> [Problem] The line containing "2026 Porsche 911 Carrera" and each line after it, through the final line of the data, are to be retyped exactly, with pictures left out.

◇ ◇ ◇ ◇ ◇

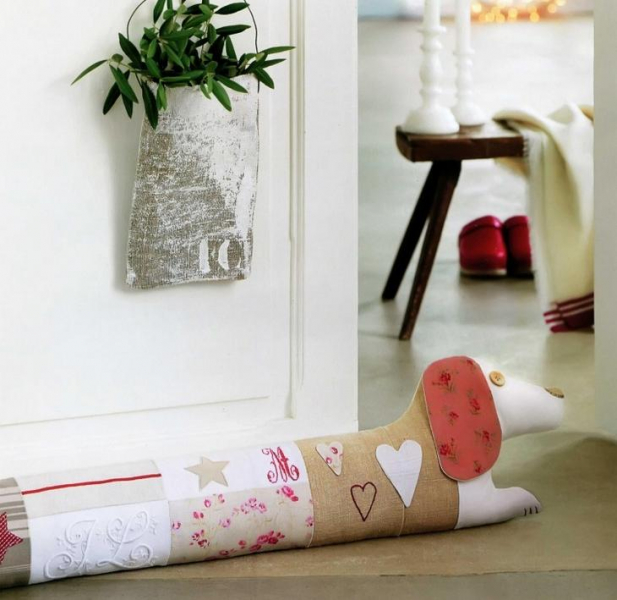 Как сшить своими руками игрушки от сквозняка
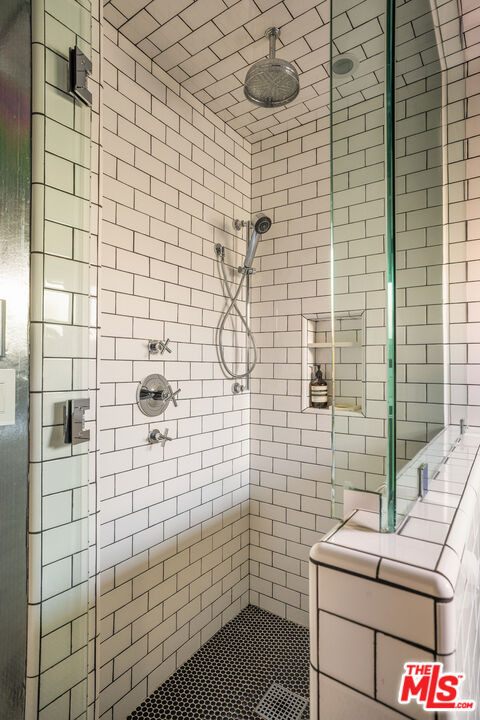 2137 Sunset Plaza Dr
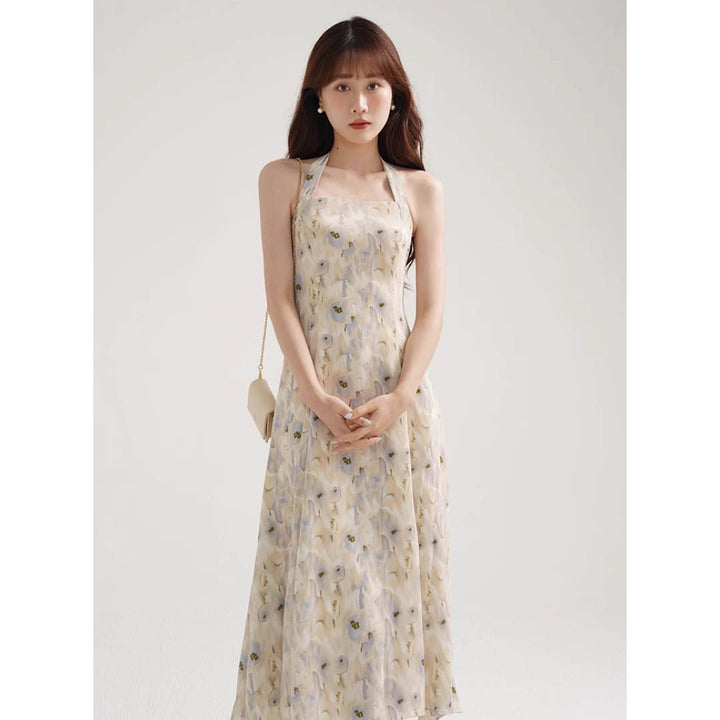 Back Ribbon Flare Dress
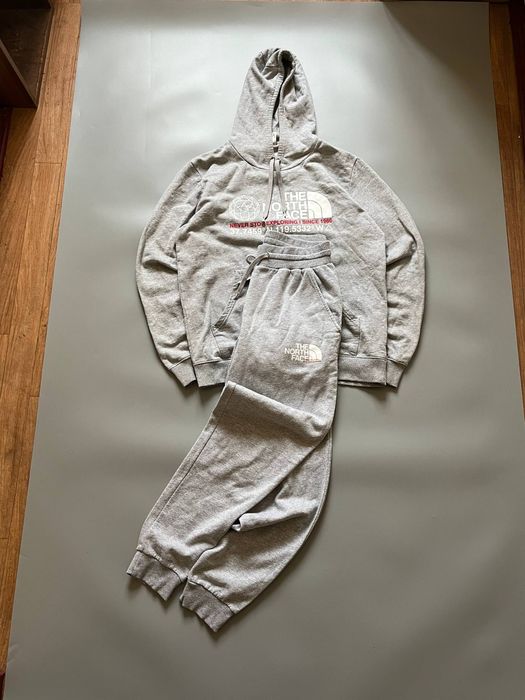 костюм від The North Face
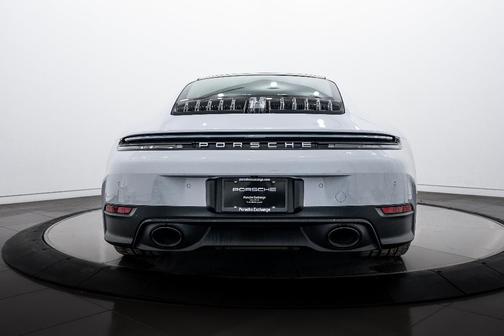 2026 Porsche 911 Carrera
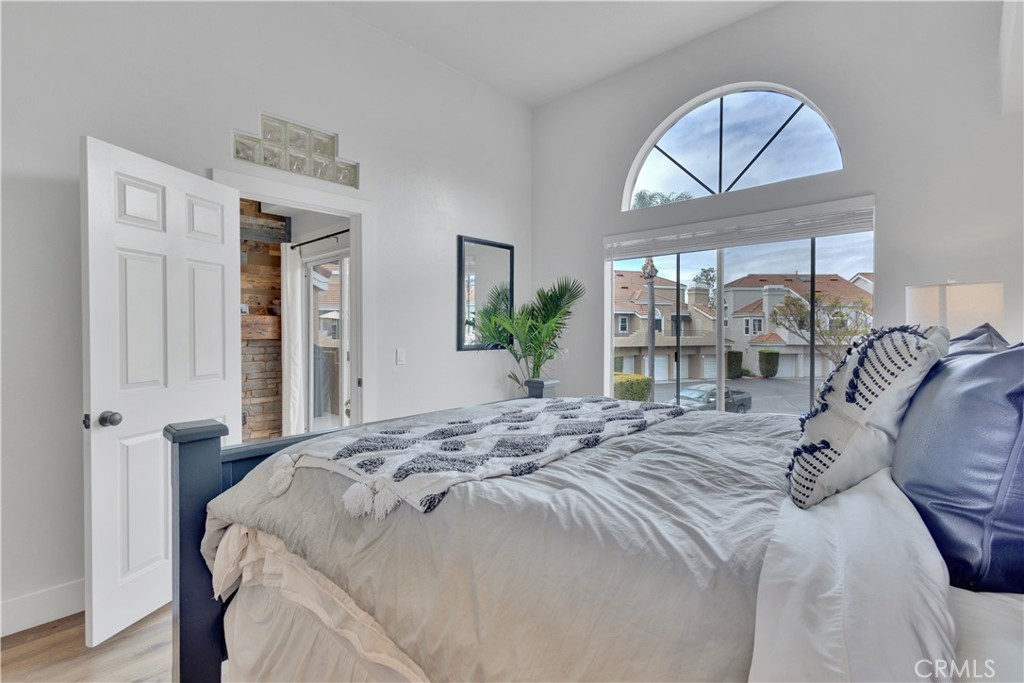25072 Leucadia E Property Photo 16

◇ ◇ ◇ ◇ ◇

> [Task output]
 2026 Porsche 911 Carrera
25072 Leucadia E Property Photo 16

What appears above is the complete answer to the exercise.